For this reason, we should positively approach the Corporate Sustainability Reporting Directive (CSRD), because on the one hand it brings together the regulations in this area, and on the other it becomes a motivator for real action. Ewa Kosmala emphasized that small and medium-sized enterprises should not be afraid of the directive. Any negative opinions about ESG and the CSRD, actually result from misunderstanding. What we are taking part in now is a business paradigm shift. It’s just that the SME sector should move away from thinking that it is too small to do something about that fact. It’s better to adopt the approach that we are in a supply chain with larger partners who will not leave their supplier unattended. Their support is a logical thing to do in responsible business. No manufacturer will be happy to leave its trusted supplier, one of the reasons being that switching the production line to a new partner would be too costly and unprofitable. Understandably, on the assumption that both parties share a partnership approach and trust. The CSRD directive finally marks the beginning of teamwork in business and work in the chain. It’s about moving together to a different business model than from the position of strength of a large company.

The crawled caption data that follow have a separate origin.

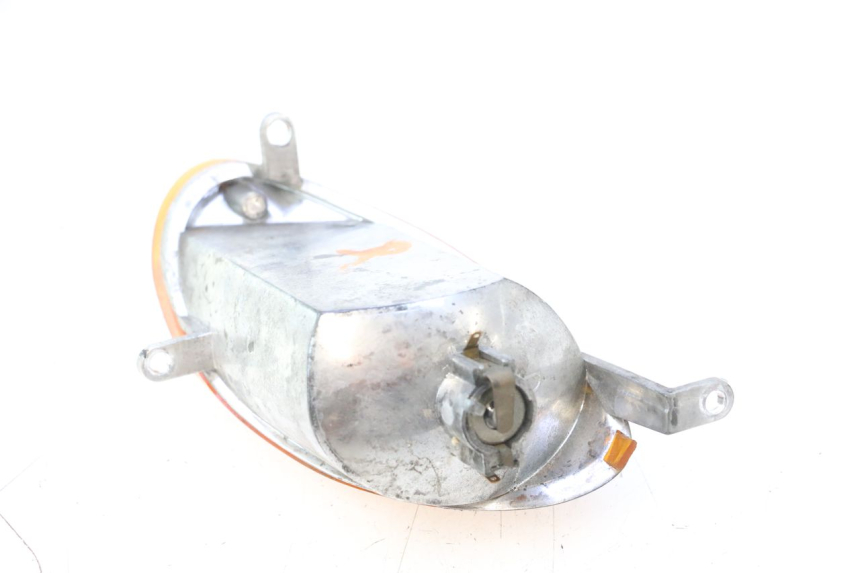 photo de DELANTERO DERECHO INTERMITENTE YAMAHA YP MAJESTY 125 (1998 - 2001) - Vista general del producto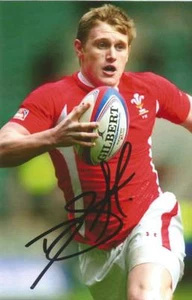 WALES & DRAGONS RUGBY UNION: DAFYDD HOWELLS SIGNED 6x4 ACTION PHOTO+COA - Picture 1 of 1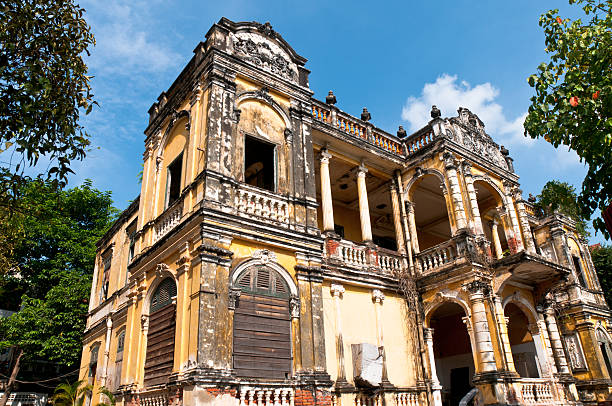 istock Old Colonial Style Building In Phnom Penh, Cambodia 155392769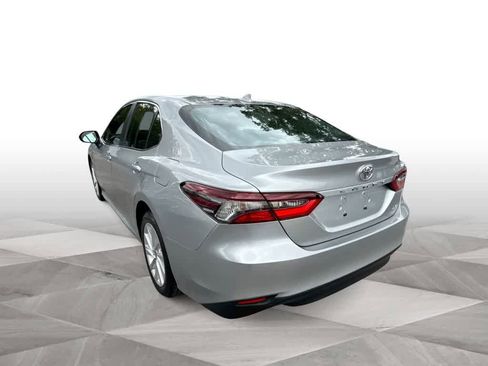 Used 2023 Toyota Camry LE w/ Convenience Package FWD image 6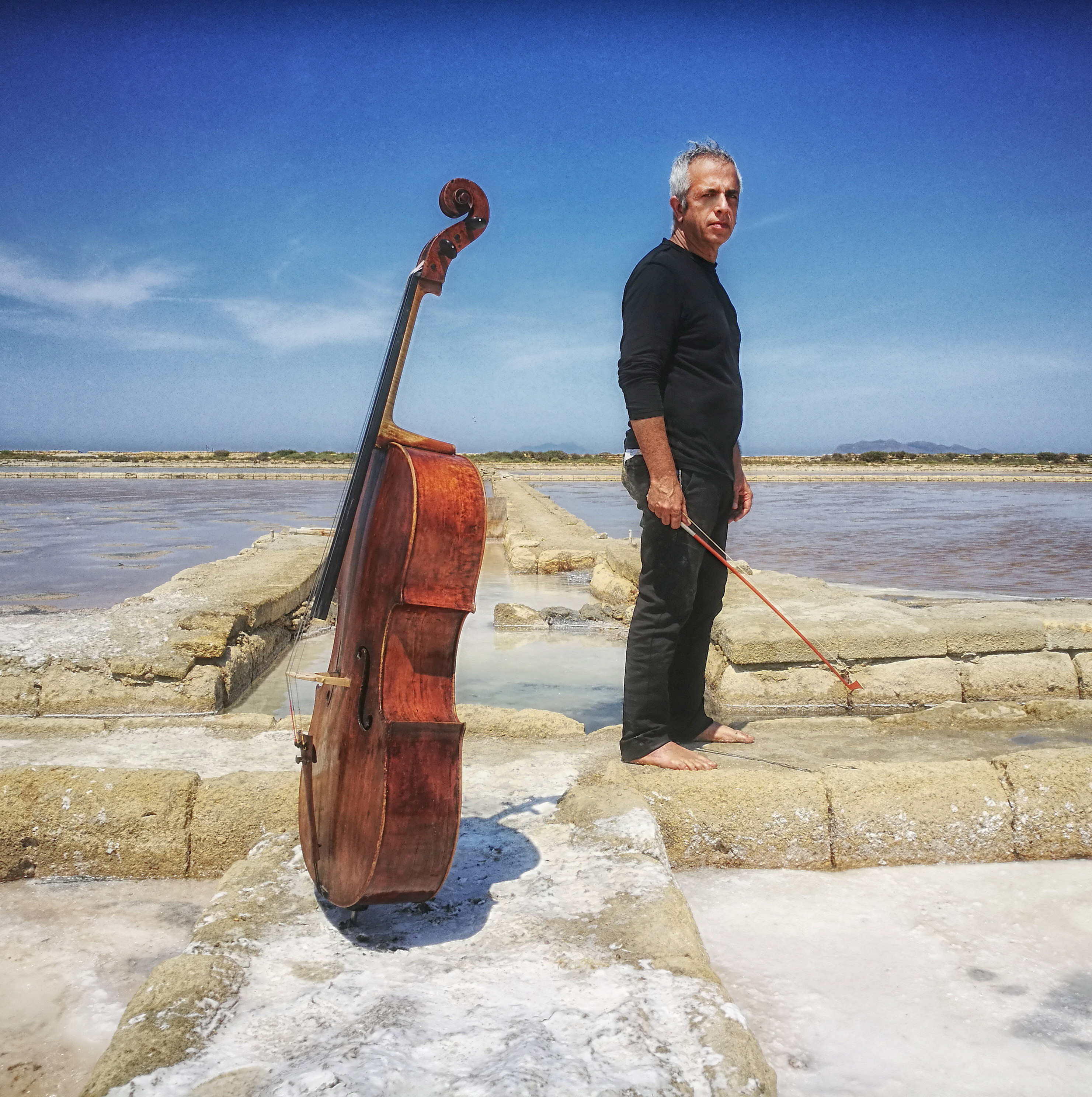 Protagonista dell’11° concerto è Giovanni Sollima, superstar del violoncello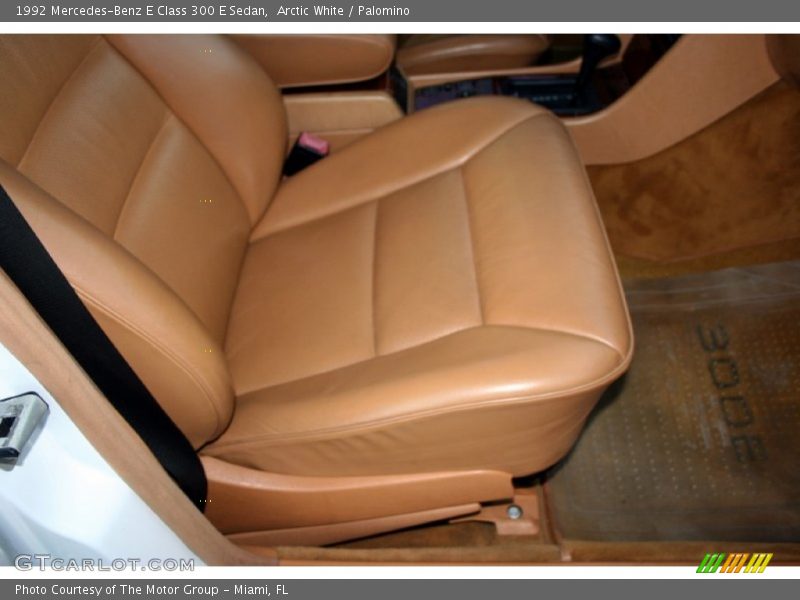Arctic White / Palomino 1992 Mercedes-Benz E Class 300 E Sedan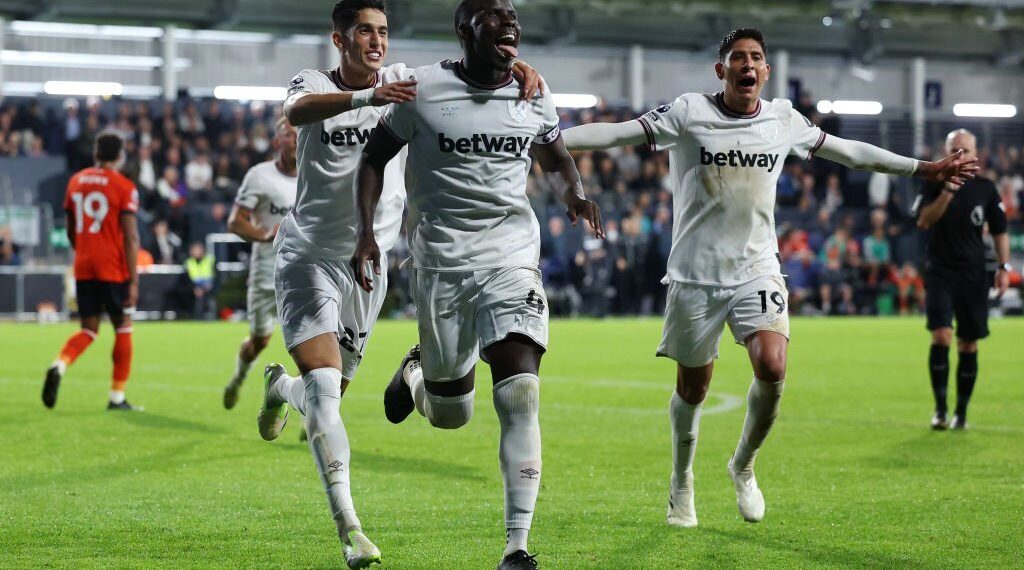 Premier League: Zouma’s header sends West Ham top of table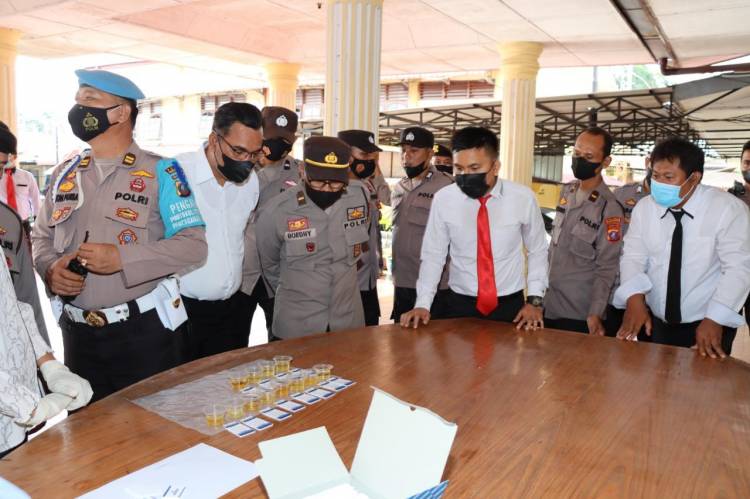 Cegah Penyalahgunaan Narkoba, Personel Polres Pematangsiantar Tes Urine Mendadak
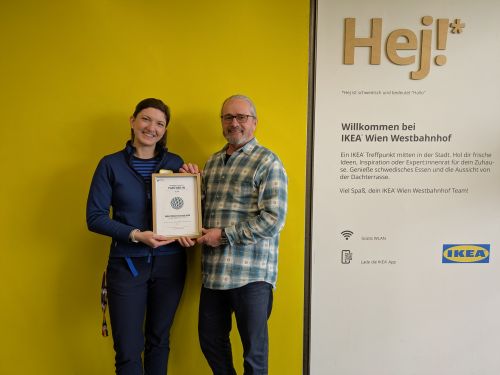 Gruppenfoto Übergabe Urkunde Partnerbetrieb an IKEA Wien Westbahnhof, Februar 2026 © Jugend am Werk Gruppenfoto Übergabe Urkunde Partnerbetrieb an IKEA Wien Westbahnhof, Februar 2026 © Jugend am Werk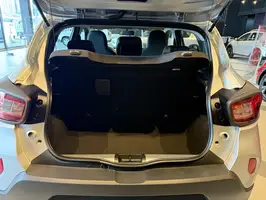 2025  Renault Kwid - Image 15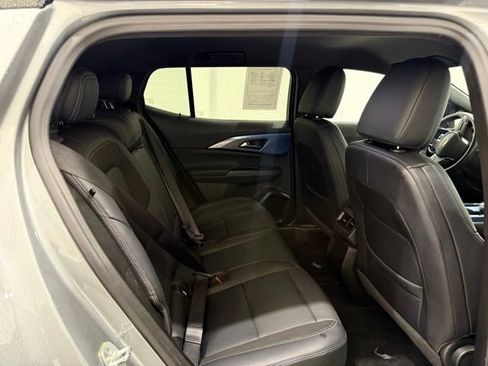 New 2026 Chevrolet Equinox EV LT image 18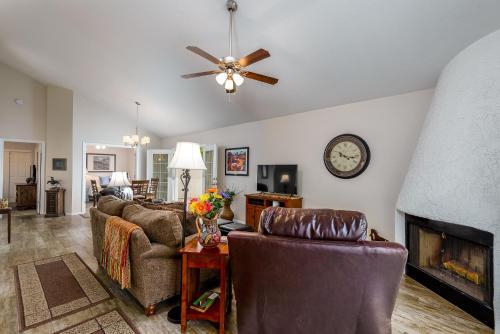 Villa Cypress Home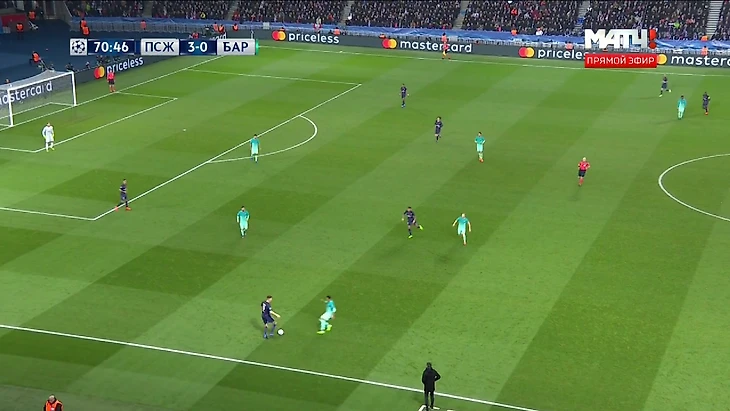 Неймар прессингует Менье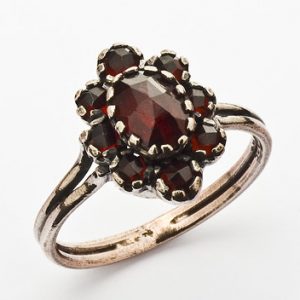 Goettgen Ring Granat 925 Silber patiniert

A lot of concern and misunderstanding comes from the lack of awareness and knowledge about the indicators, impact and scope of sustainable development. For this reason, it should be remembered that education is key to ESG and CSRD. You need to get down to the very bottom of the organization so that each and every employee can learn and understand why the company operates the way it does, how it wants to position itself and what it wishes to communicate to the market. At Selena, we’ve explained this using our IFEEC strategy – part of Selena Group’s business strategy. It includes sustainable construction (area name: Investors), responsible leadership (Finance), social well-being (Employees), workplace ergonomics (End Users), and environmental footprint reduction (Climate).
Why is this so important? A study conducted by the IBM Institute For Business Value shows that 55% of CEOs from 30 countries have salaries linked to sustainability KPIs – compared to a mere 15% in 2022. This shows how big a role ESG should play in the organization, since the management board’s bonus depends on it.
ESG really brings harmony to the business. Having the strategy first, with reporting coming at the end, is a highly valuable approach. If the order is reversed, the intended effect won’t be achieved. When preparing for a strategy, you need to collect accurate baseline data and identify existing problems.
By way of analogy: at zero state – when it is measured and interpreted – the company is like a sieve: we have a lot of holes that we are only starting to seal. And it is through the process of sealing those holes that we suddenly come to see the economic sense of our activities. That said, ESG is not a cost, but a booster of the company’s profitability.